La visite rendue en dialyse à un collègue ami m’a fait peur : comment vivrais-je trois jours par semaine à l’hôpital, moi qui ai toujours besoin de bouger ? Seize mois plus tard, je faisais don d’un rein.

Non pas à cet ami, mais à son voisin de dialyse.

Les éléments déclencheurs de cette décision : - l’interpellation de mon collègue : « sais-tu que quelqu’un en bonne santé peut donner un rein de son vivant ? »

La générosité  d’un jeune travailleur qui dépanne un père de famille au chômage, dont l’épouse venait de le quitter, en lui cédant sa place de travail.

Le temps de discernement est nourri  de lectures, de recherche sur le Net, de rencontres de donneurs.

Après l’annonce à mon ami que je suis donneur, c’est le moment des examens médicaux pour remplir les différents critères de compatibilité. Tout est ok. Mais nous sommes deux donneurs potentiels et la faculté choisit le frère de mon ami. Pour moi, ce n’est pas un soulagement. J’étais prêt à offrir un rein, ce qui fut fait cinq mois plus tard, le 28 février 2011.

Le receveur que j’ai connu trois mois avant la transplantation bien qu’il n’habite qu’à 100 m de mon domicile, va très bien.
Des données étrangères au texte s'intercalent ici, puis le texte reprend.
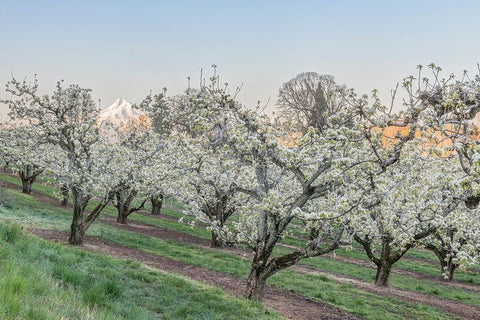 Oregon-Hood River Cherry orchard and Mt Hood Black Ornate Wood Framed Art Print with Double Matting by Tilley, Rob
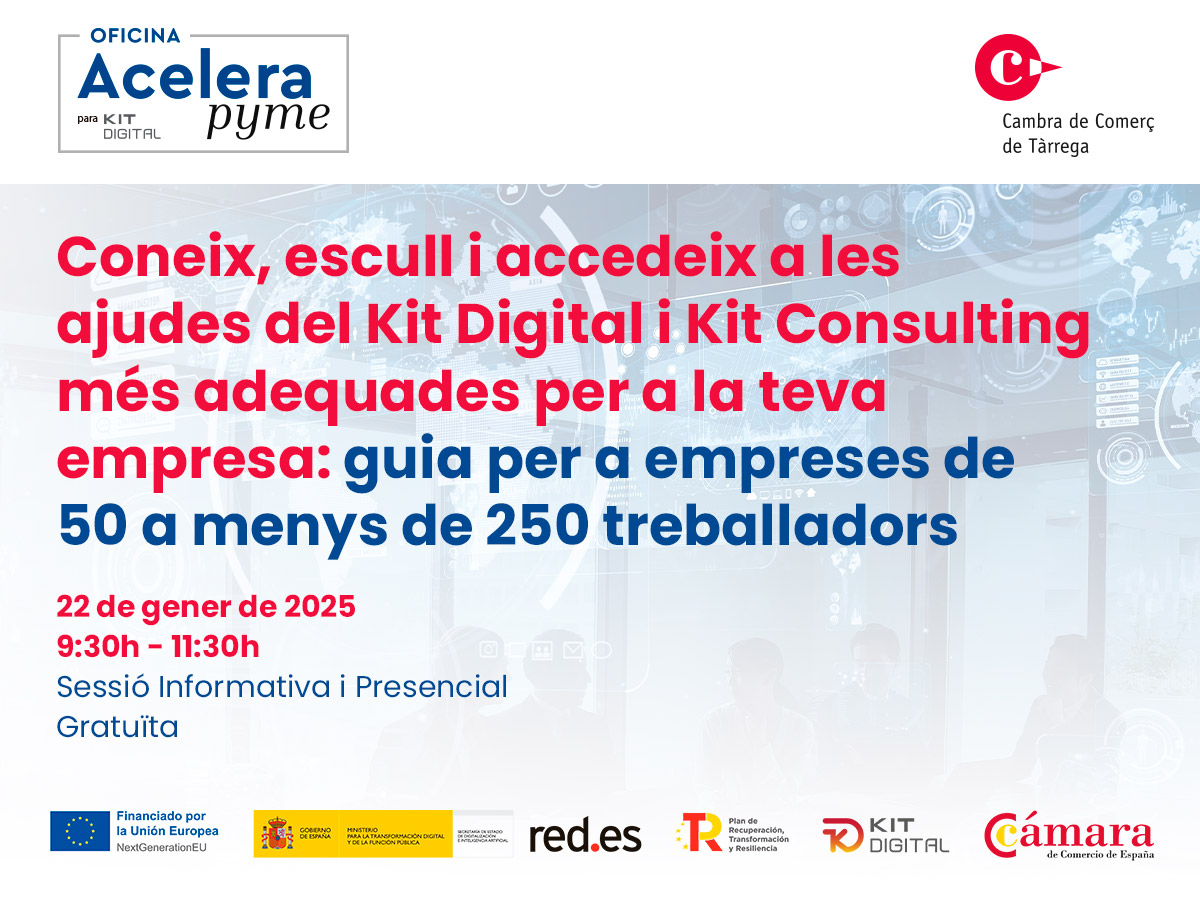 Coneix, escull i accedeix a les ajudes del Kit Digital i Kit Consulting més adequades per a la teva empresa: guia per a empreses de 50 a menys de 250 treballadors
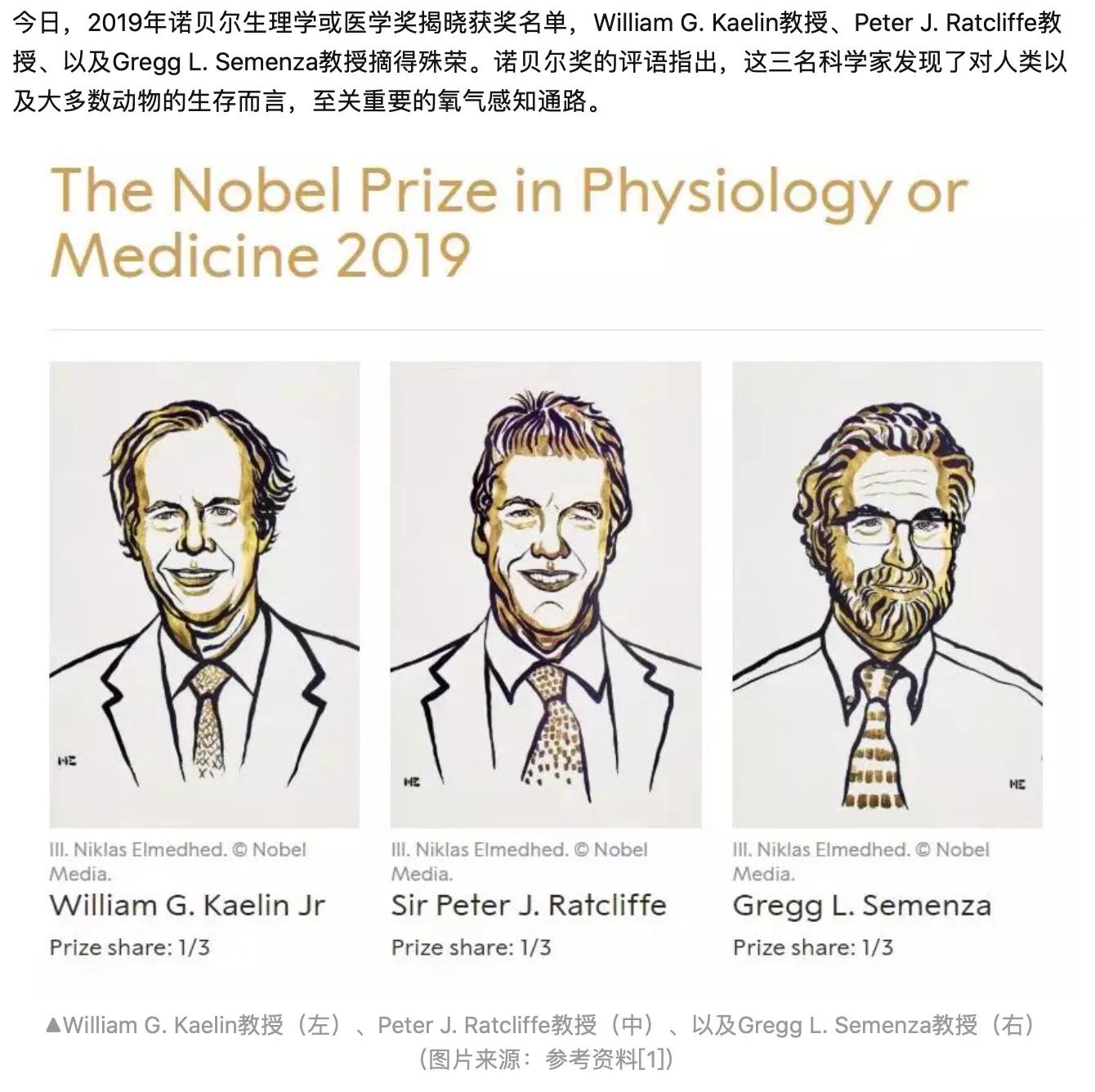 一百五十斤大胖子减肥记,猪猪减肥记录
C’est sa seconde greffe. Notre relation est une relation plus qu’amicale, fraternelle, sans dépendance, avec une reconnaissance toute naturelle.
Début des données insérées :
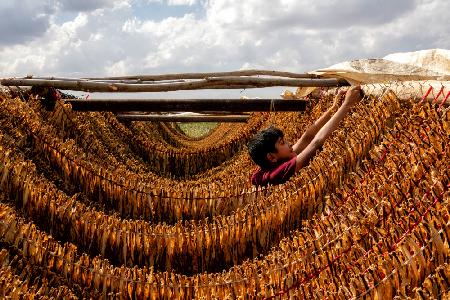 tobacco drying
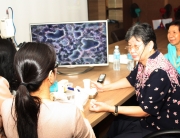 cellfood blood test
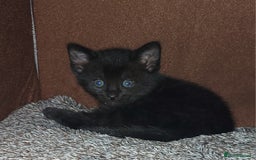 Domestic Shorthair cats for sale: 2 Female Kittens For Sale - Image 3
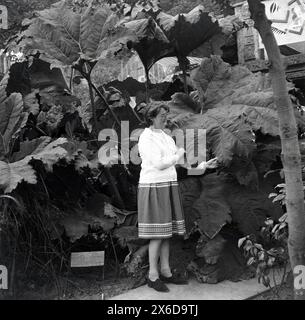 1960er Jahre, historisch, eine Dame, die an den großen Pflanzenblättern eines Riesenrhabardes (Gunnera manicata) steht. Das in Brasilien heimische Laub ist so groß, dass ein erwachsener Mensch, wie er hier sieht, darunter stehen kann. Interessanterweise ist die Pflanze nicht mit dem Rhaburb verwandt, der in einem süßen Dessertbröckel gefunden wird. Auch bekannt als stacheliger Rhabarber oder chilenischer Rhabarber. Stockfoto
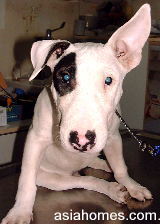 Bull Terrier with lazy ear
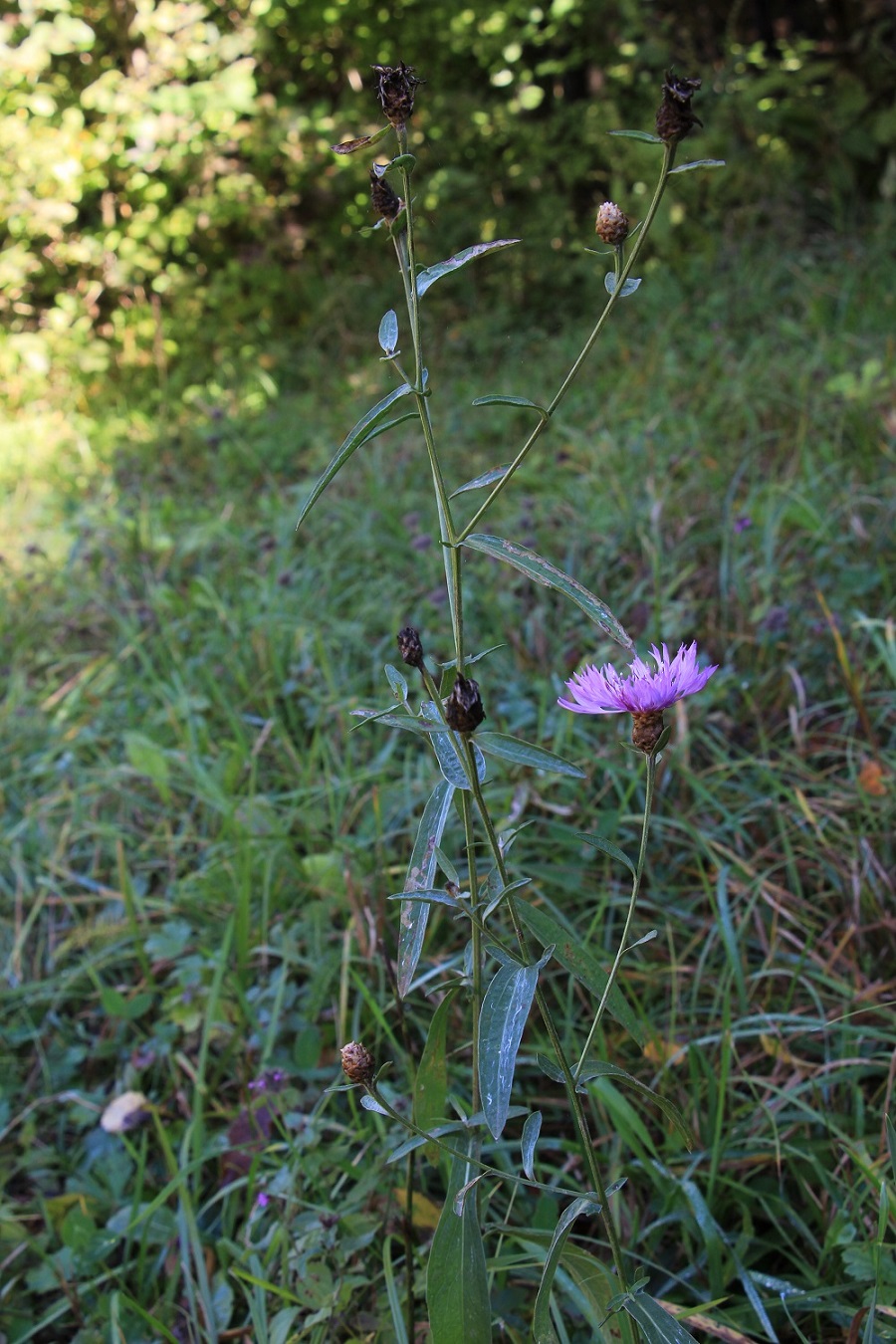 Image of Centaurea jacea ssp. substituta specimen.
Après trois mois, malgré mes 67 ans, j’ai retrouvé mon physique sportif d’avant. En plus, je vis avec un sentiment d’ouverture aux autres. J’ai dit oui à un ami. J’ai donné mon rein à quelqu’un d’autre qui ne demandait rien. Ce geste m’épanouit encore plus. Il marquera sereinement la dernière étape de ma vie.